[Your instructions] Each entry below should be reproduced character for character.

Scraped caption text data
++++++++
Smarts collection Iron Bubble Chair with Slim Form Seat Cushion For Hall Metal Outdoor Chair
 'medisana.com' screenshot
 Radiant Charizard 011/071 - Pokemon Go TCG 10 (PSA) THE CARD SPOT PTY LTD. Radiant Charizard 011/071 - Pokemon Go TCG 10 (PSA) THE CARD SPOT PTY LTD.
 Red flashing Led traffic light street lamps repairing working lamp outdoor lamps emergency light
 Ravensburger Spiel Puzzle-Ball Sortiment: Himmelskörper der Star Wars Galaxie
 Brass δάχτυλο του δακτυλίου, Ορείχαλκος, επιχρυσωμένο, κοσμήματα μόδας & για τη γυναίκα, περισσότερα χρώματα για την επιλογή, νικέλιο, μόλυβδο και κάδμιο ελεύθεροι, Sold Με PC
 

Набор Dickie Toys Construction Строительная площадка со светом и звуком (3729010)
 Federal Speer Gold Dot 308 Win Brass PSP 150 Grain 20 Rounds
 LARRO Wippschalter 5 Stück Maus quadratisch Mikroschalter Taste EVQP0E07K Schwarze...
++++++++
[Answer to the problem]
Smarts collection Iron Bubble Chair with Slim Form Seat Cushion For Hall Metal Outdoor Chair
 'medisana.com' screenshot
 Radiant Charizard 011/071 - Pokemon Go TCG 10 (PSA) THE CARD SPOT PTY LTD. Radiant Charizard 011/071 - Pokemon Go TCG 10 (PSA) THE CARD SPOT PTY LTD.
 Red flashing Led traffic light street lamps repairing working lamp outdoor lamps emergency light
 Ravensburger Spiel Puzzle-Ball Sortiment: Himmelskörper der Star Wars Galaxie
 Brass δάχτυλο του δακτυλίου, Ορείχαλκος, επιχρυσωμένο, κοσμήματα μόδας & για τη γυναίκα, περισσότερα χρώματα για την επιλογή, νικέλιο, μόλυβδο και κάδμιο ελεύθεροι, Sold Με PC
 

Набор Dickie Toys Construction Строительная площадка со светом и звуком (3729010)
 Federal Speer Gold Dot 308 Win Brass PSP 150 Grain 20 Rounds
 LARRO Wippschalter 5 Stück Maus quadratisch Mikroschalter Taste EVQP0E07K Schwarze...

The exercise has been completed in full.